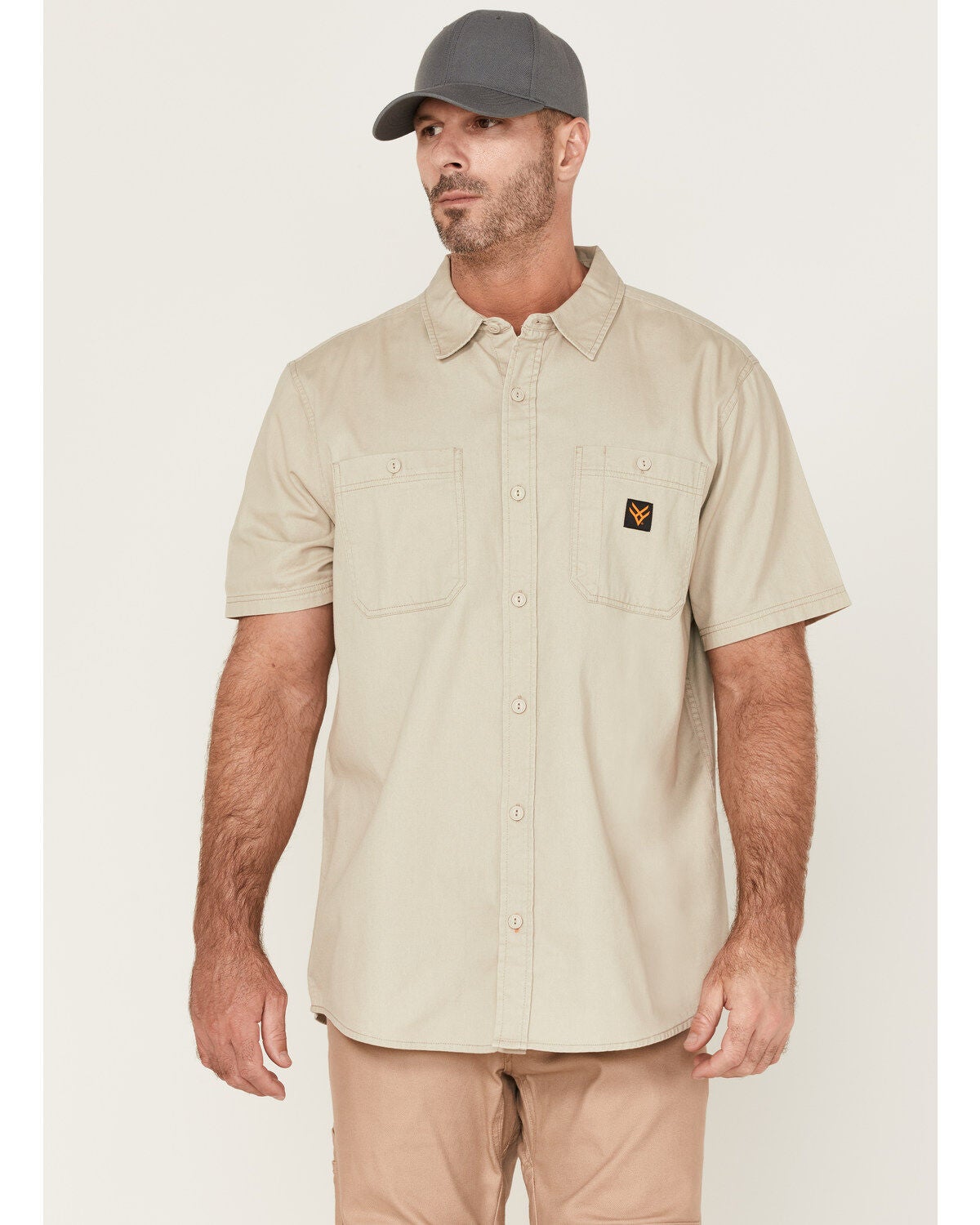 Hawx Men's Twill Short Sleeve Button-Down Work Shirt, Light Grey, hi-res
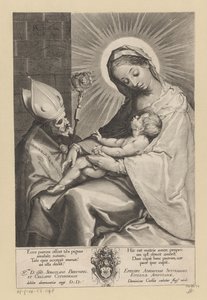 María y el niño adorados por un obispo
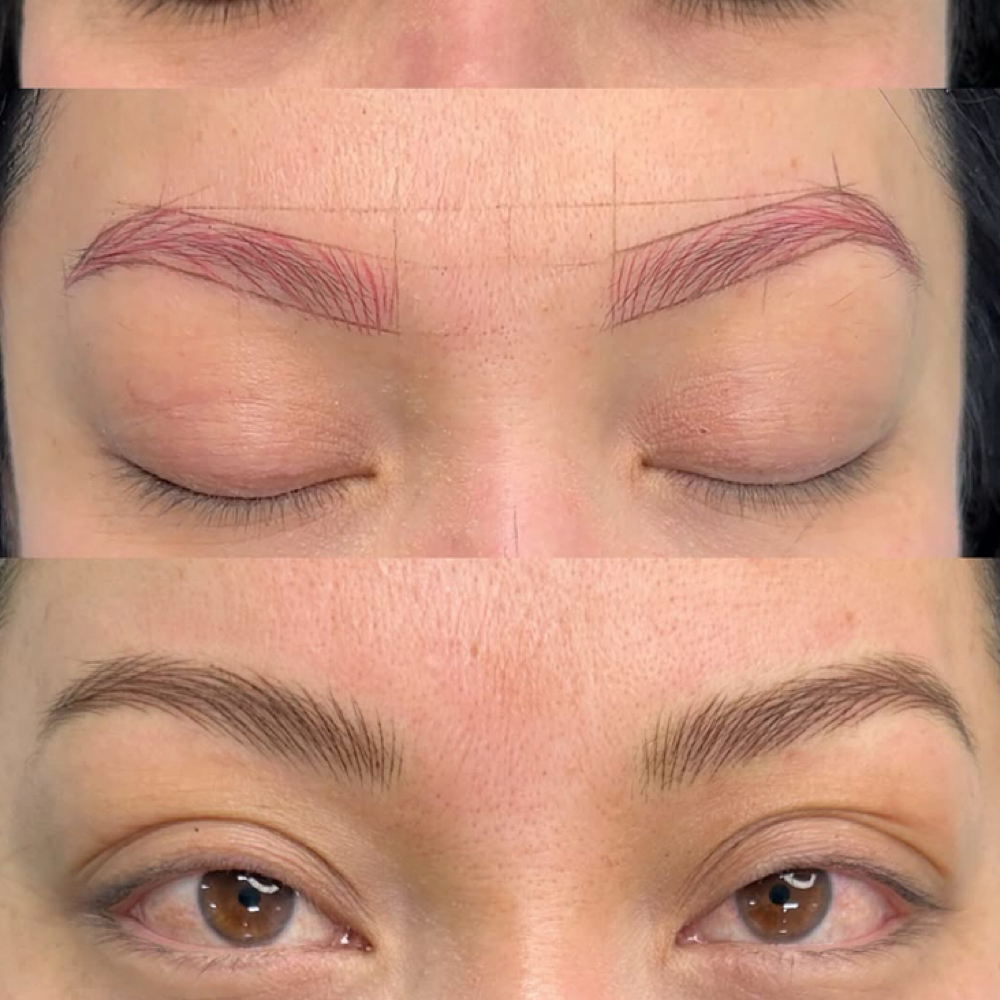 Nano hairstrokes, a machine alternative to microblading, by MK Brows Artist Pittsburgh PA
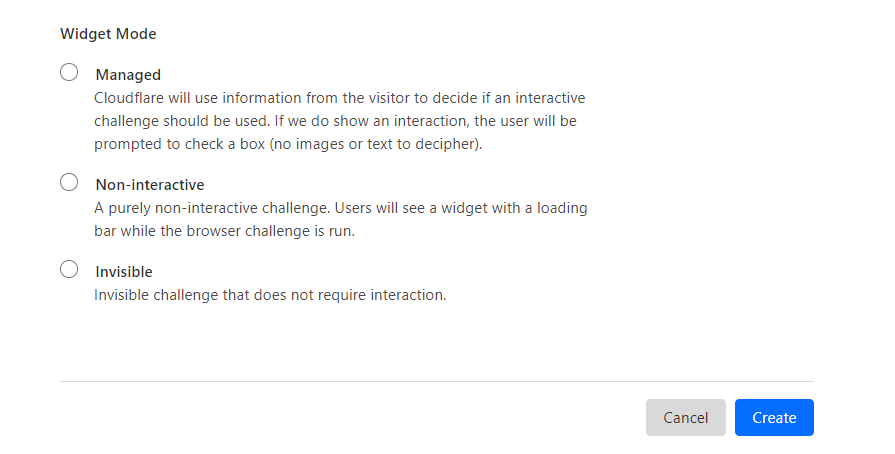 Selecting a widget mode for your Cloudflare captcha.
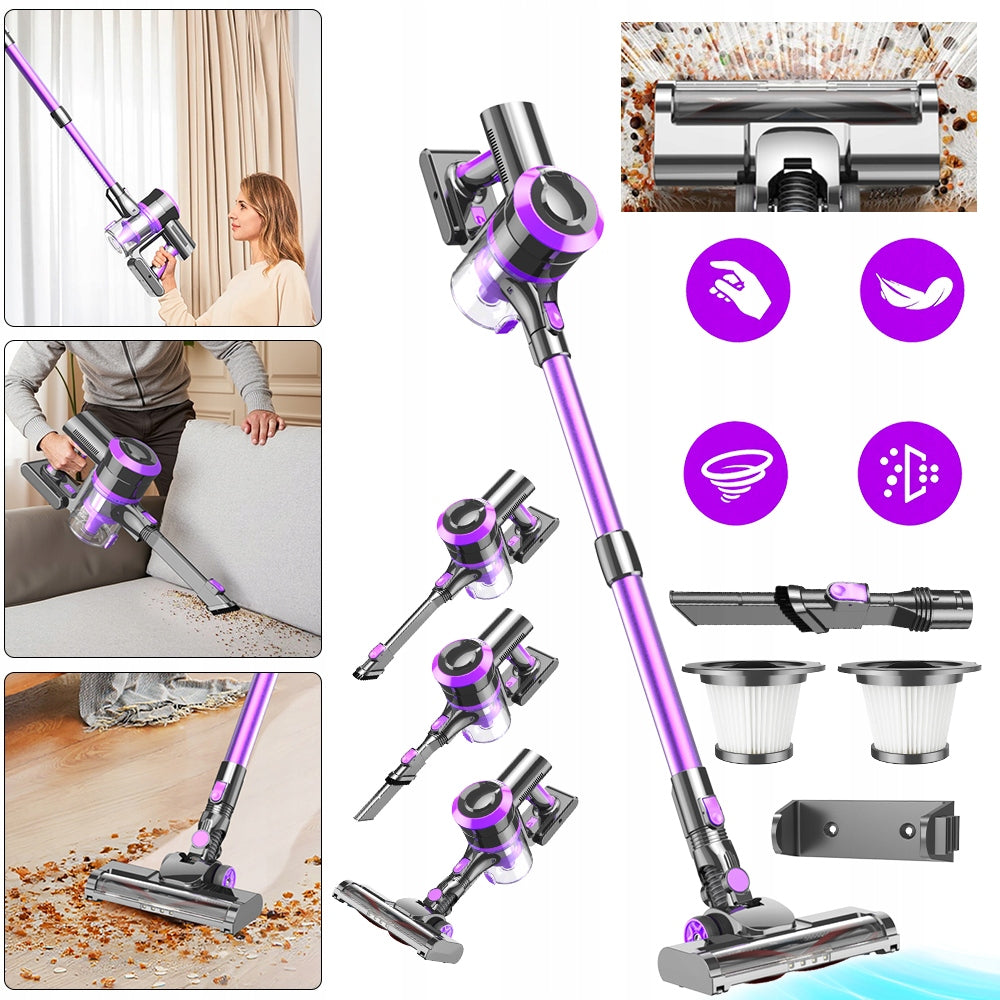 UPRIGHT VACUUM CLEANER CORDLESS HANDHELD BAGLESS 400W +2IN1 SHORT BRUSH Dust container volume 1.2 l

---

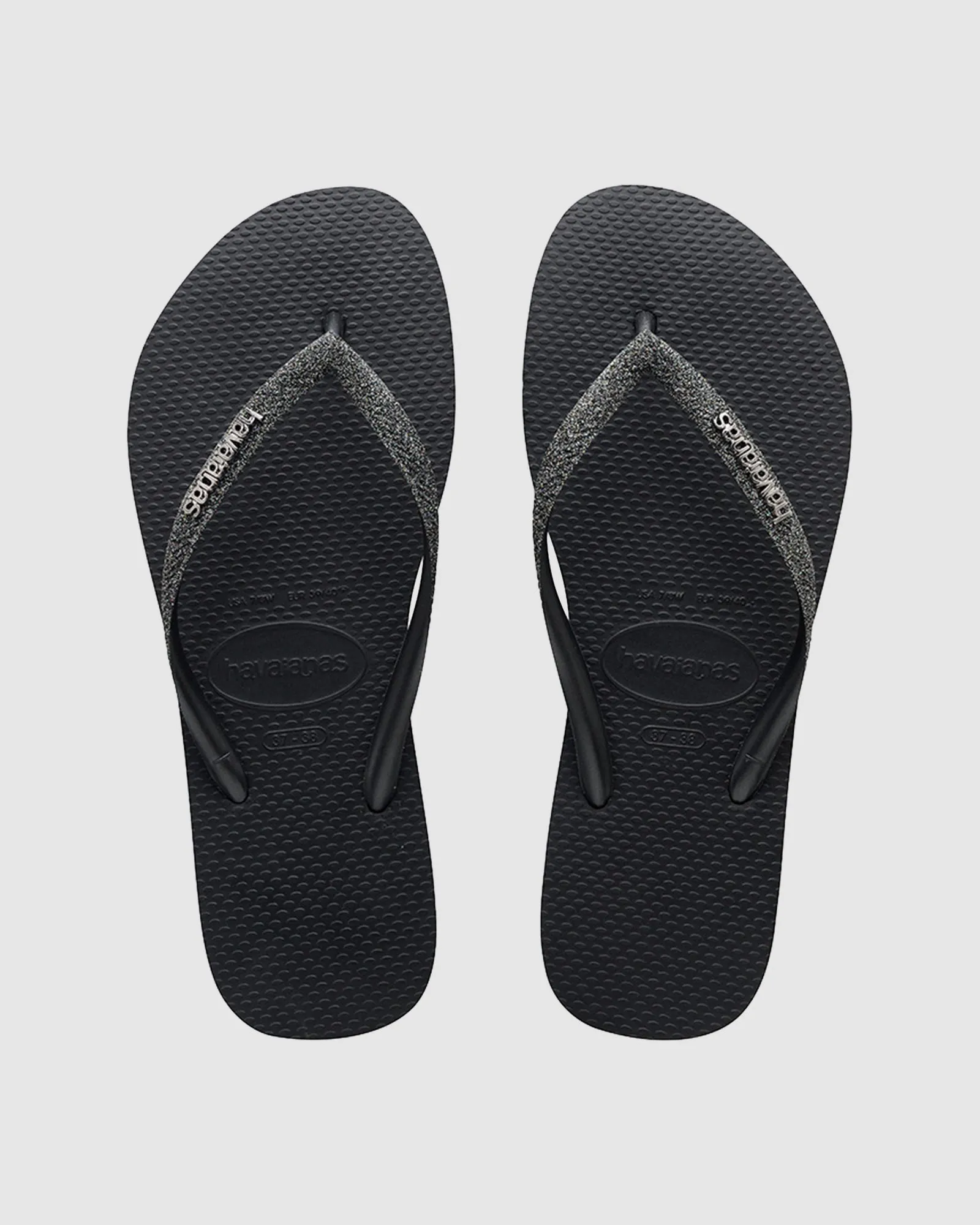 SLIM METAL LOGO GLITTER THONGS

Problem details:
In the records above, find the line containing "Nano hairstrokes, a" and the line containing "UPRIGHT VACUUM CLEANER", then give both of them again word for word along with every line between. Omit any pictures.

Task answer:
 Nano hairstrokes, a machine alternative to microblading, by MK Brows Artist Pittsburgh PA
 Selecting a widget mode for your Cloudflare captcha.
 UPRIGHT VACUUM CLEANER CORDLESS HANDHELD BAGLESS 400W +2IN1 SHORT BRUSH Dust container volume 1.2 l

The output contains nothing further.